Carnavalhame Edição 4 - Homenagem a Marcelo Yuka Carnavalhame Edição 4 - Homenagem a Marcelo Yuka | Page 6
Por
Ithalo Furtado
Idealizador da Carnavalhame
MINHA ALMA:
21 ANOS DA
CRÔNICA
AUDIOVISUAL
QUE DEFINIU
A VIOLÊNCIA
POLICIAL NO
BRASIL DOS
ANOS 90
Rio de janeiro. Vila Isabel.
Morro do macaco. O ano é
1999 e o país ainda parece
sofrer de algumas ressacas
significativas como a perda da
copa do mundo e o resultado
das eleições presidenciais,
todas no ano anterior. Os
jornais começam a alertar
sobre um tal bug do milênio
que apareceu como um
registro quase apocalíptico
para a virada do século num
tempo em que o uso da
internet ainda era quase ficção. A MTV começa a transmitir,
alucinadamente, um clipe protagonizado pela atriz Mariana
Ximenes onde quatro barbudos bradavam o nome de uma
mulher que nunca mais deixaria de fazer eco na música
brasileira. O recém criado Real é desvalorizado, o futebol
mundial conhece Ronaldinho Gaúcho, Central do
Brasil é indicado ao Oscar e o estudante Mateus da
Costa Meira invade uma sessão do filme Clube da
Luta no Morumbi Shopping e metralha o público,
instaurando um pânico semelhante ao recente
massacre de Columbine.
É nesse cenário que Marcelo Yuka estaciona o
carro e se apressa para mais um ensaio do Rappa,
às vésperas da gravação do novo disco da banda.
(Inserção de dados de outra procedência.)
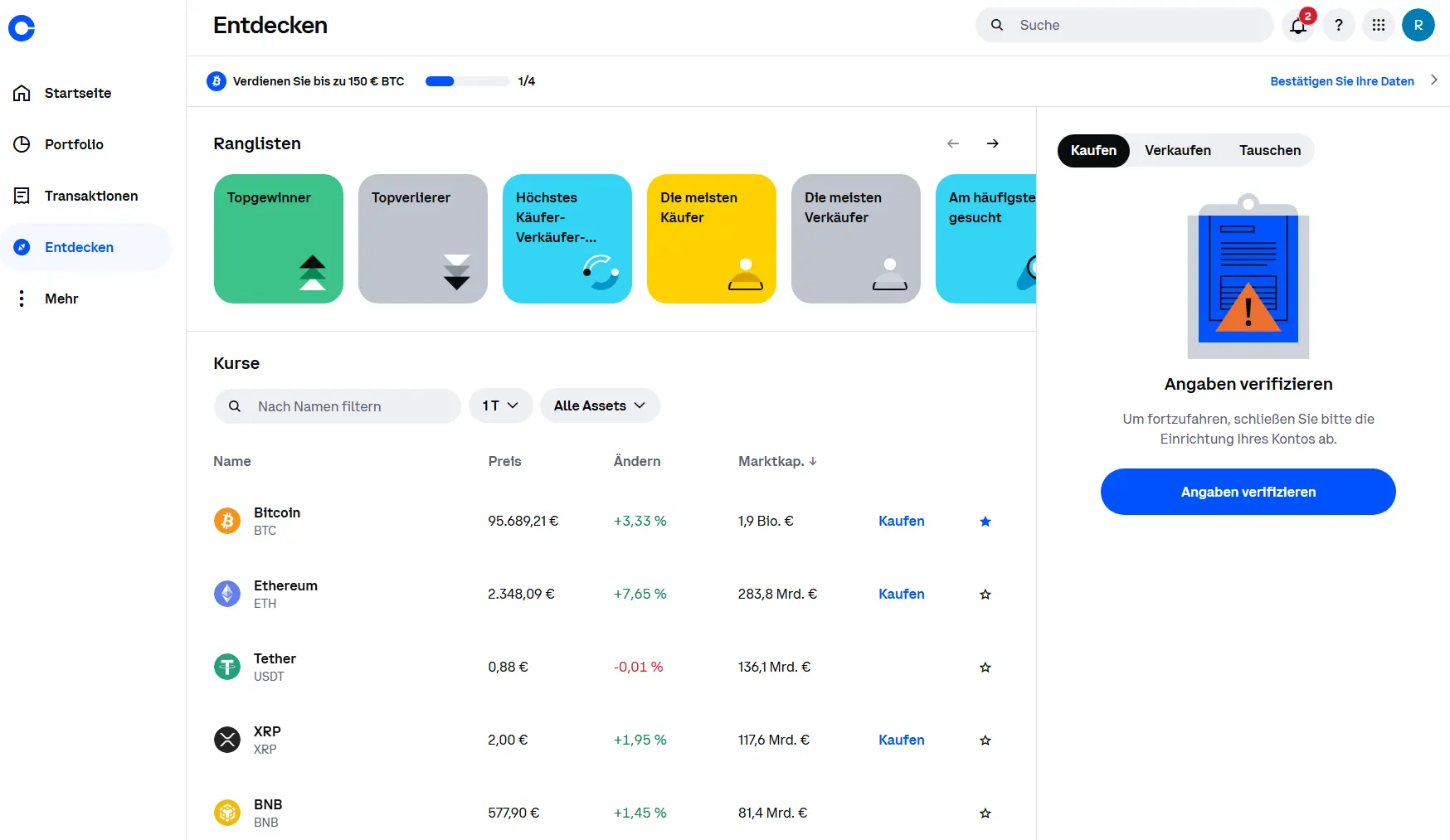Benutzerfreundlichkeit: Coinbase vs Kraken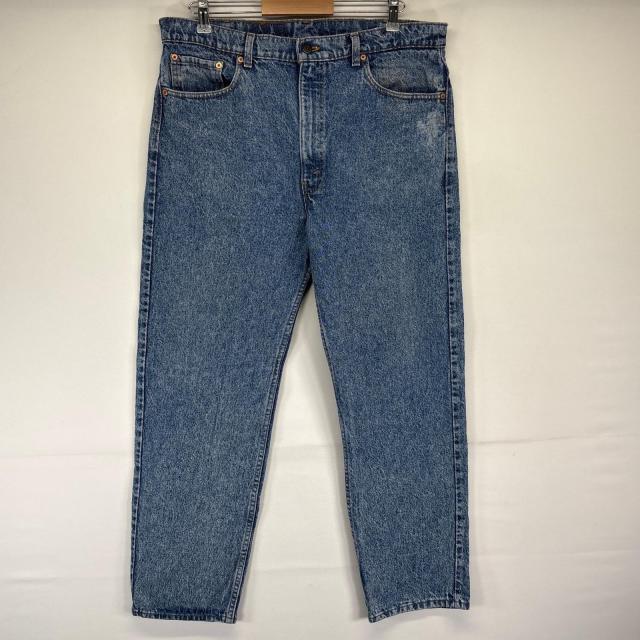 古着 リーバイス Levis USA製 デニムパンツ 505 ストレート ケミカル ジーンズ ジーパン 長ズボン 大きいサイズ w40 L30  ブルー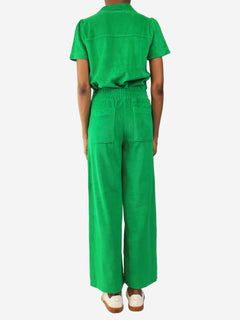 Green towelling top and trousers two piece set - size UK 8 Sets ME+EM 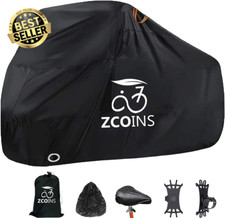 Zcoins Bike Cover for 2-3 Bikes - Extra Heavy Duty Waterproof and UV Protection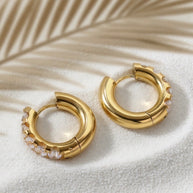 Azalia ~ CZ encrusted hoops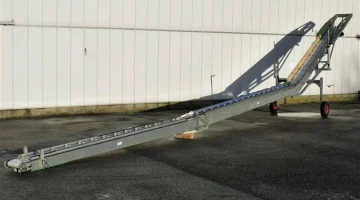 Beets aluminum harvesting conveyor for broccoli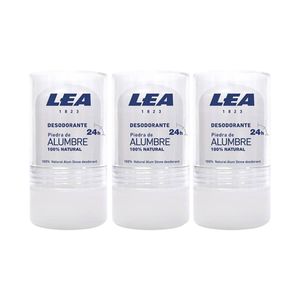 Desodorante Piedra de Alumbre 100% Natural Lea 120Gr 3 Unidades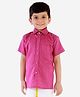 JBN Creation Half Sleeves Solid Colour Shirt - Pink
Ele levava uma composição nova, algo que sentia
ter uma força diferente. Chegando ao ensaio, viu
que tinha perdido o manuscrito e avisou que iria ao
banheiro. Foi ao carro e constatou a perda. Então,
no banheiro, reescreveu o que lembrava da letra
original, numa versão bem mais sintetizada. Saiu de
lá e apresentou à banda, achando que estava “uma
merda”, que a original era bem melhor. Alguns meses
depois, o Brasil assistiria abertamente na TV o que
até então era apenas sussurrado pela imprensa: a
violência policial nas periferias do Rio de Janeiro
estava dizimando a população mais pobre.
Dirigido por Paulo lins e Kátia Lund, o clipe de
Minha alma (a paz que eu não quero) ganhou não
só os principais prêmios do ano, mas o público, a
crítica e os veículos de comunicação. E toda essa
repercussão o alçou ao posto de principal produção
artística brasileira do final dos anos 90, a confusa e
violenta década da redemocratização do país.